Directions.
Return the lines of the listing below exactly as they appear, beginning at the one with "Dotted vector abstract" and stopping after the one with "Crocs - Classic marbled clog - white & pink"; do not include pictures.

═══ Data shown

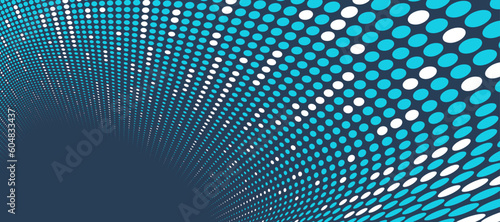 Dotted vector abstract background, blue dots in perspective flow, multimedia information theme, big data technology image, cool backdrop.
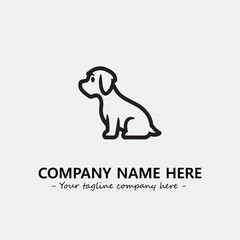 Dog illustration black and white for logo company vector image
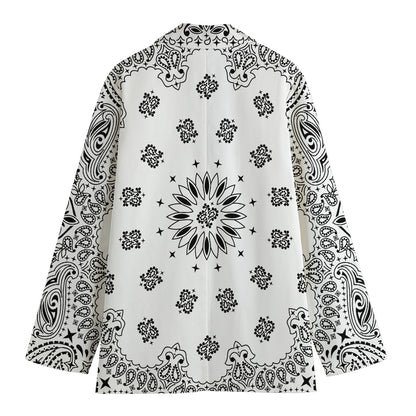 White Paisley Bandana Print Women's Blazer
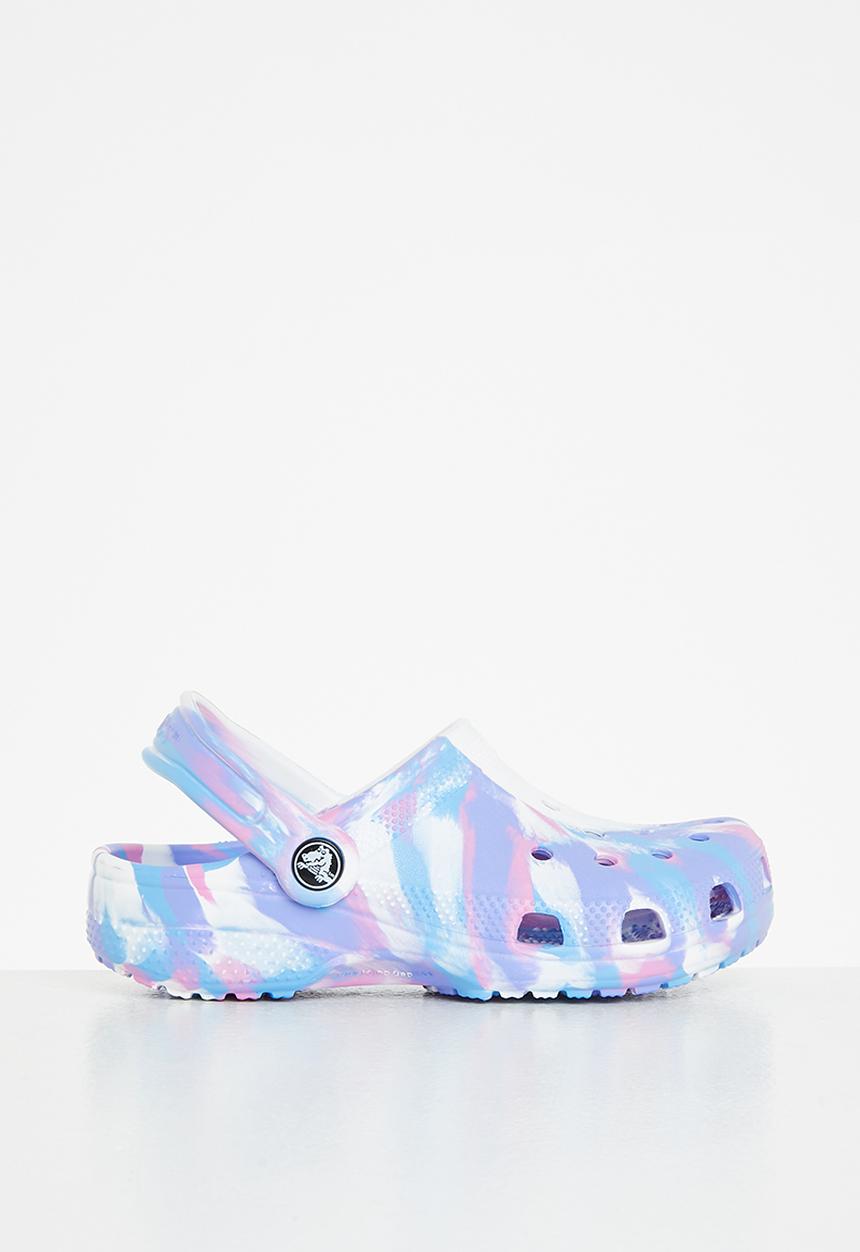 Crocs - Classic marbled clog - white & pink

══════
═══ Data shown

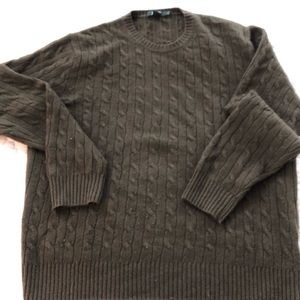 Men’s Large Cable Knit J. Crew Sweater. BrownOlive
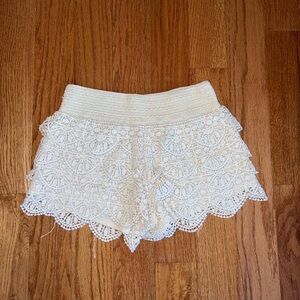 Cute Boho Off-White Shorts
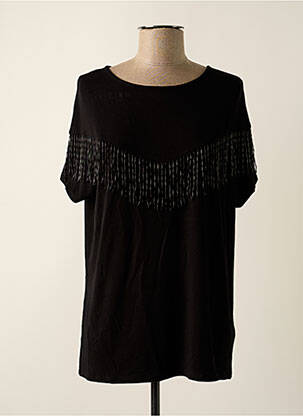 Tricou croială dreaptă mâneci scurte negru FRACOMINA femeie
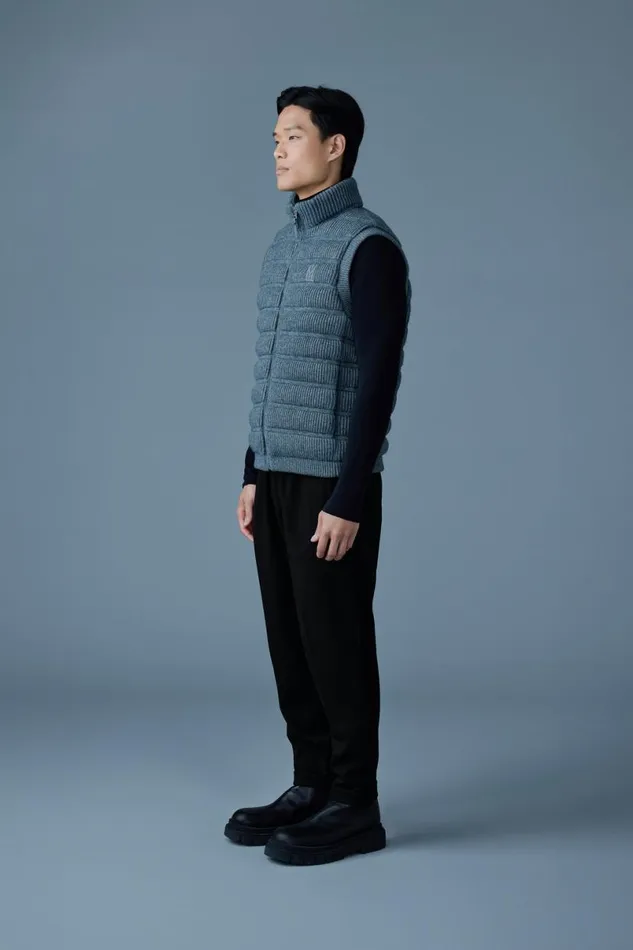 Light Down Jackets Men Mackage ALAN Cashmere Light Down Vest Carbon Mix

══════
═══ Data shown

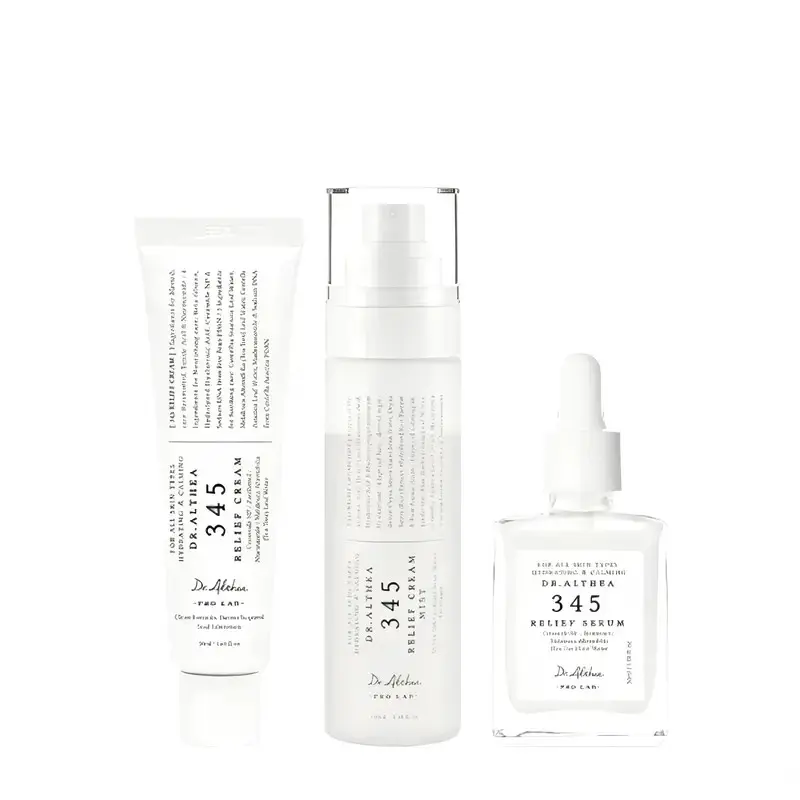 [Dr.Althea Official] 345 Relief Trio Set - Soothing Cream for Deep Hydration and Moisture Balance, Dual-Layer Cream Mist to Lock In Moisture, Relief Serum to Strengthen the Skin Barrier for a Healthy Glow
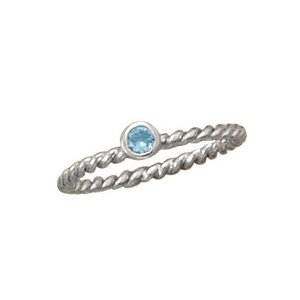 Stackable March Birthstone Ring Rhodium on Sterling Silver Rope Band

══════

Result.
 Dotted vector abstract background, blue dots in perspective flow, multimedia information theme, big data technology image, cool backdrop.
 Dog illustration black and white for logo company vector image
 White Paisley Bandana Print Women's Blazer
 Crocs - Classic marbled clog - white & pink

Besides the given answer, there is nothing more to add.